As apresentações da OSB nos Estados Unidos e Canadá, três anos depois, também foram um grande sucesso, sempre sob a batuta do maestro Isaac Karabtchevsky - por vinte anos diretor musical da orquestra. Mas a danada da inflação foi voraz também com o caixa da OSB que sofreu ainda o golpe da morte de Simonsen. O novo presidente do conselho, Roberto Paulo Cesar da Andrade, apesar de presidente da Braskan, não tinha nem de longe o prestigio de seus antecessores e a OSB iniciou novo período de dificuldade que acabou por obrigá-la à parceria com a Prefeitura do Rio em 2002.

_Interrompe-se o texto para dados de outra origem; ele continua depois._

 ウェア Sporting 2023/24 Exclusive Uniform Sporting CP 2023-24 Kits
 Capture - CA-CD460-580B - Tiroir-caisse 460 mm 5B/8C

Há três anos, o maestro Roberto Minczuk assumiu a direção artística de uma orquestra com salários em dia e nova sede anunciada para este ano, na Cidade da Música. Estão dadas, portanto, as condições para que a OSB dê a volta por cima e um dia possa se livrar desse penduricalho atrelado ao seu nome que, de fato e de direito, ainda é Orquestra Sinfônica Brasileira. Nada mais justo para uma instituição com sua tradição e história de sucesso.